Stellar Evolution in the Disks of Active Galactic Nuclei Produces Rapidly Rotating Massive Stars

• Published in: The Astrophysical journal Vol. 914; no. 2; pp. 105 - 119
• Main Authors: Jermyn, Adam S., Dittmann, Alexander J., Cantiello, Matteo, Perna, Rosalba
• Format: Journal Article
• Language: English
• Published: Philadelphia The American Astronomical Society 01.06.2021; IOP Publishing
• Subjects: Accretion disks; Active galactic nuclei; Astrophysics; Black holes; Chemical pollution; Galactic evolution; Galactic rotation; Gamma ray bursts; Gamma rays; Low mass stars; Massive stars; Quasars; Stars; Stellar evolution; Stellar evolutionary models; Stellar physics; Stellar rotation
• ISSN: 0004-637X; 1538-4357
• DOI: 10.3847/1538-4357/abfb67

Stars can either be formed in or captured by the accretion disks in active galactic nuclei (AGNs).

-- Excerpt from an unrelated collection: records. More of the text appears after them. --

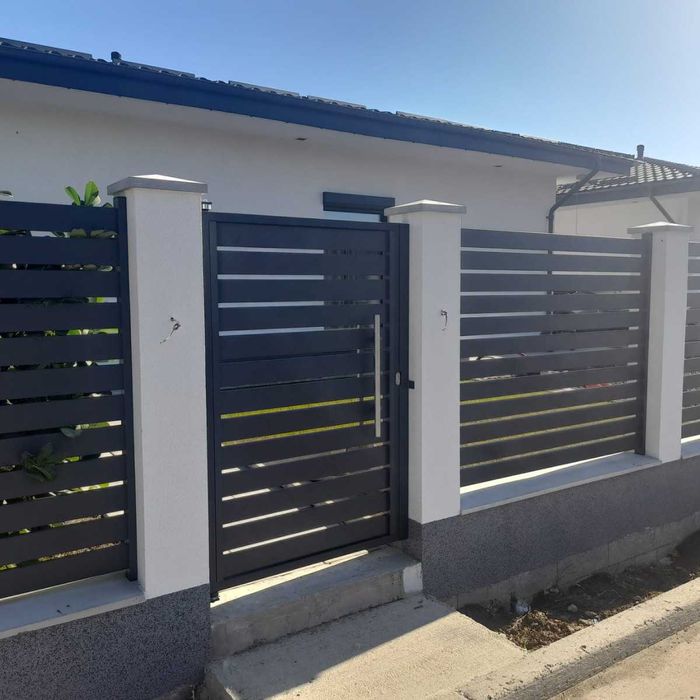 Garduri și porți din aluminiu || Asigurăm montajul și construim structura (metal, beton, bolțari de beton) || Hai să discutăm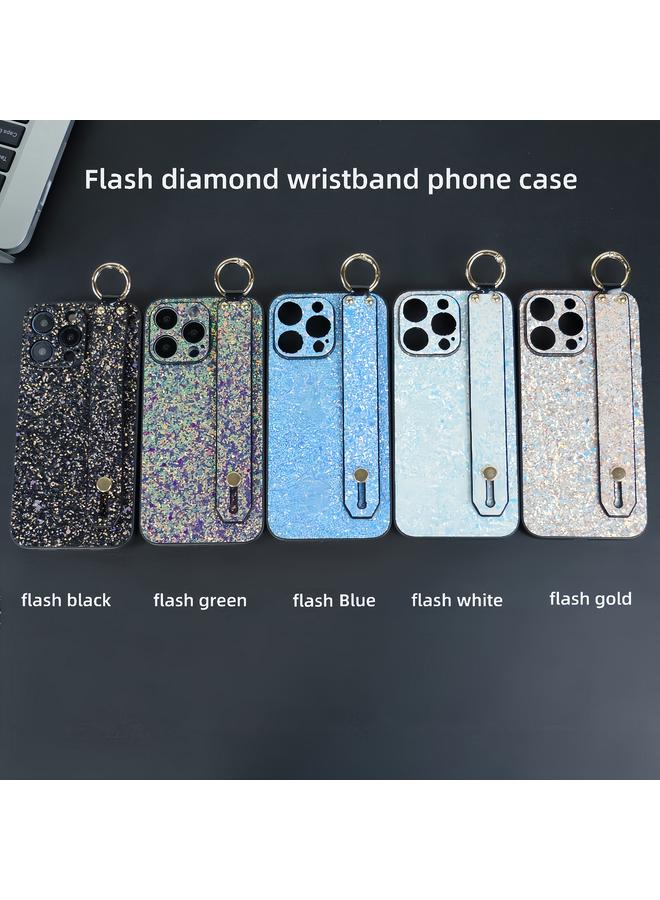 S-TOP Case For iPhone 15 Pro Flash Diamond Wristband Holder Phone Case - Image 2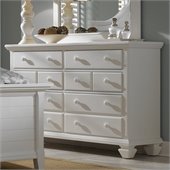 Broyhill Mirren Harbor 6 Drawer Dresser in White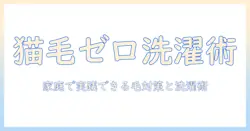 洗濯機で猫の毛だらけを解消する方法|家庭で実践できる毛対策と洗濯術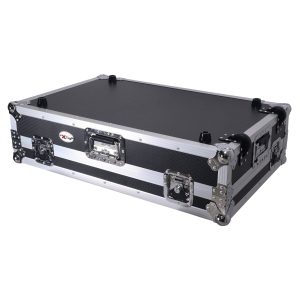 ATA Flight Style Road Case For RANE Four DJ Controller with 1U Rack Space and Wheels - Image 11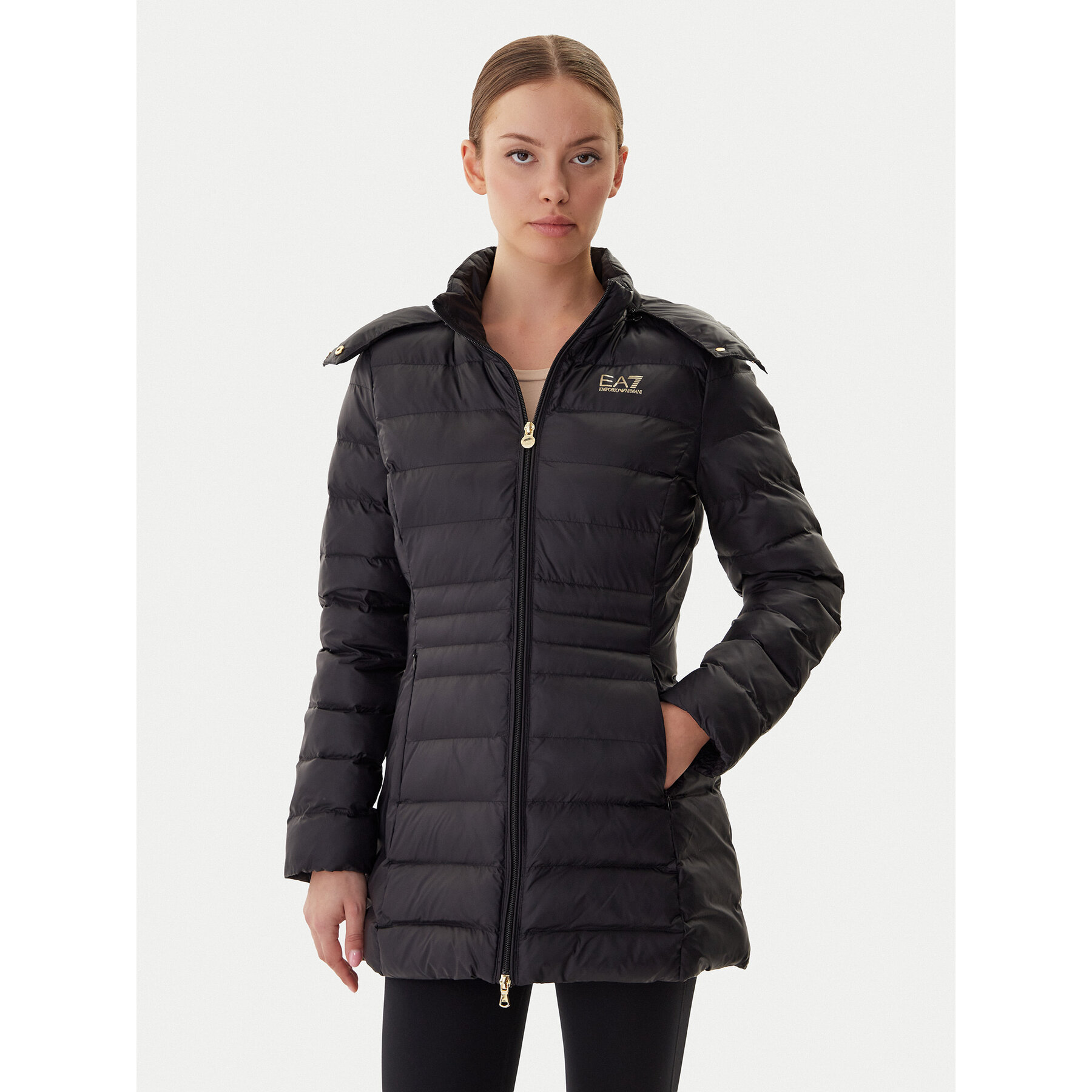 EA7 Emporio Armani Winterjacke 7W000685 AF12475 UC001 Schwarz Slim Fit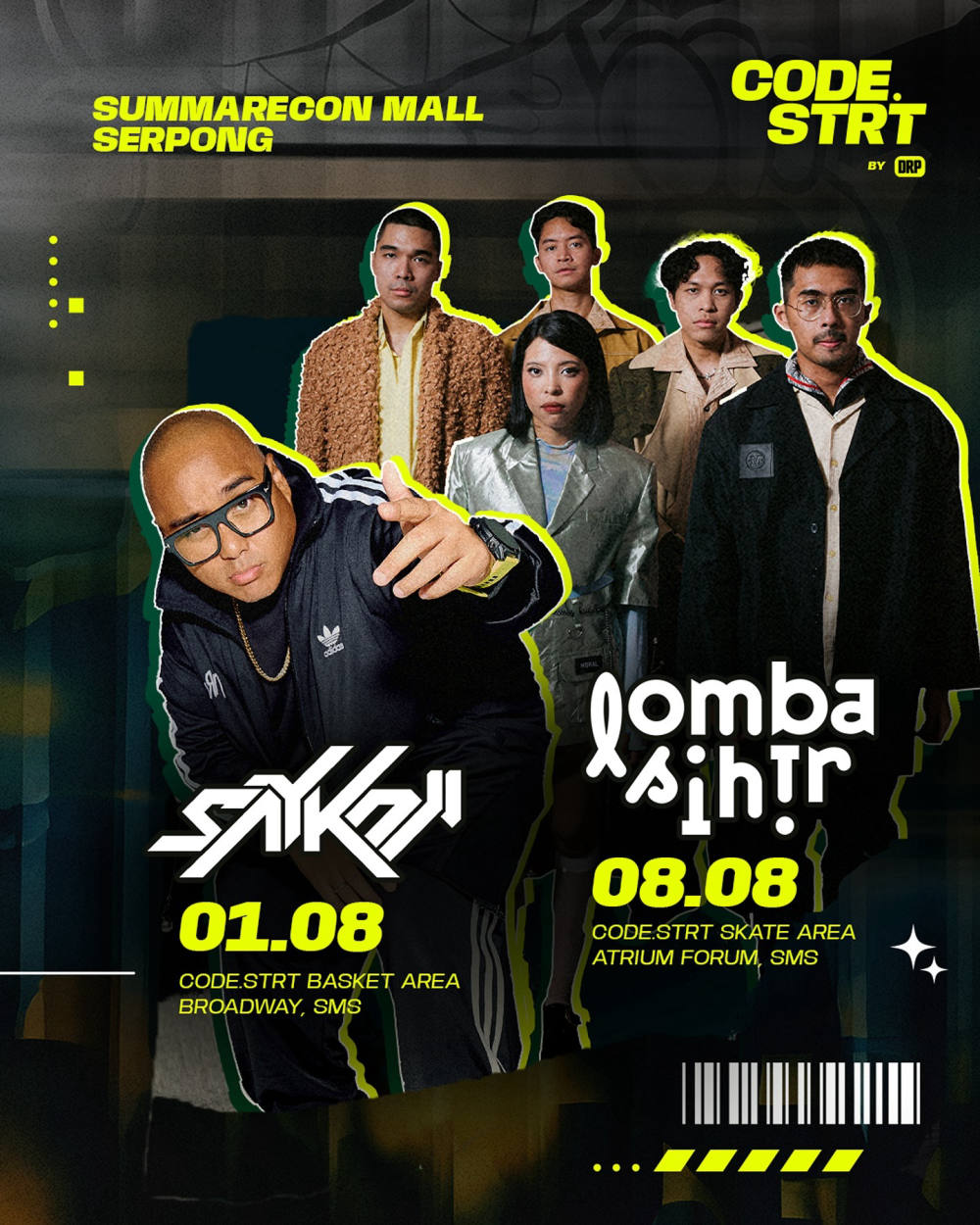 Konser Gratis Saykoji dan Lomba Sihir di Tangerang: Cek Tanggal dan Lokasinya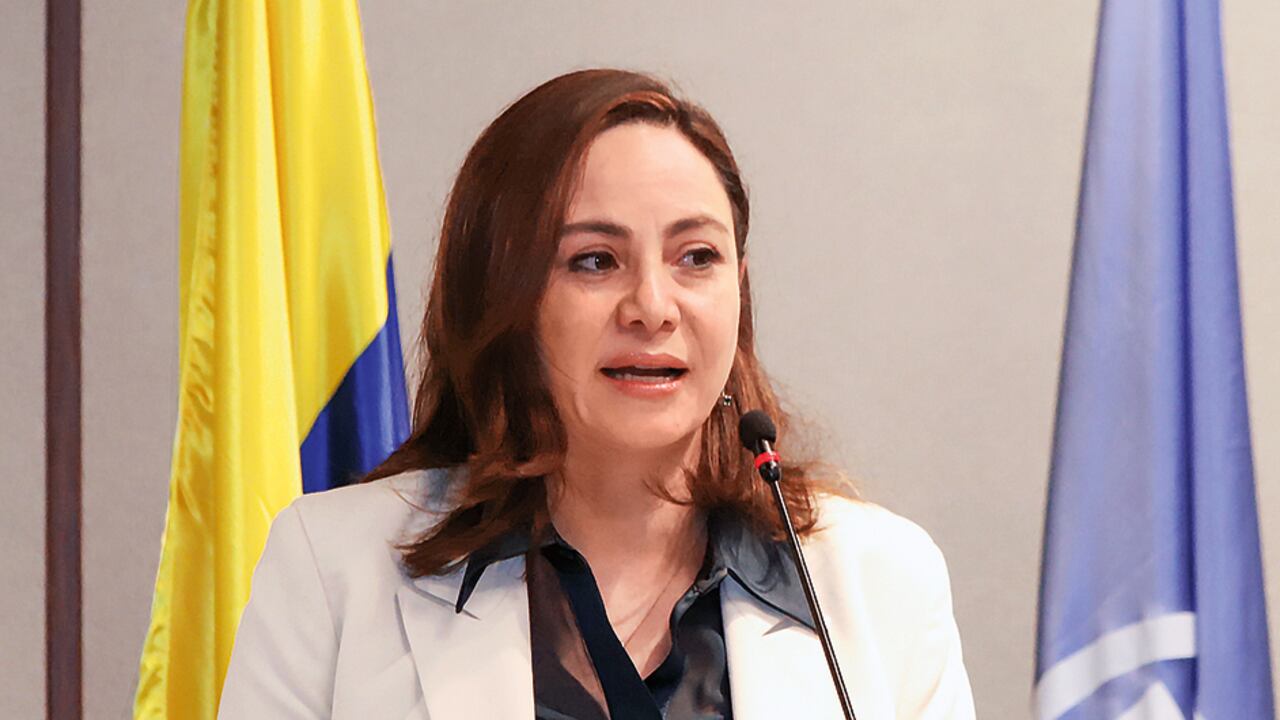 Piedad Urdinola, directora del Dane, y Agustín Zimmermann, representante de la FAO en Colombia, presentaron el informe de inseguridad alimentaria 2024.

These AGN stars are irradiated and subject to extreme levels of accretion, which can turn even low-mass stars into very massive ones ( M > 100 M ⊙ ) whose evolution may result in the formation of massive compact objects ( M > 10 M ⊙ ). Here we explore the spins of these AGN stars and the remnants they leave behind. We find that AGN stars rapidly spin up via accretion, eventually reaching near-critical rotation rates. They further maintain near-critical rotation even as they shed their envelopes, become compact, and undergo late stages of burning. This makes them good candidates to produce high-spin massive black holes, such as the ones seen by LIGO-Virgo in GW 190521g, as well as long gamma-ray bursts and the associated chemical pollution of the AGN disk.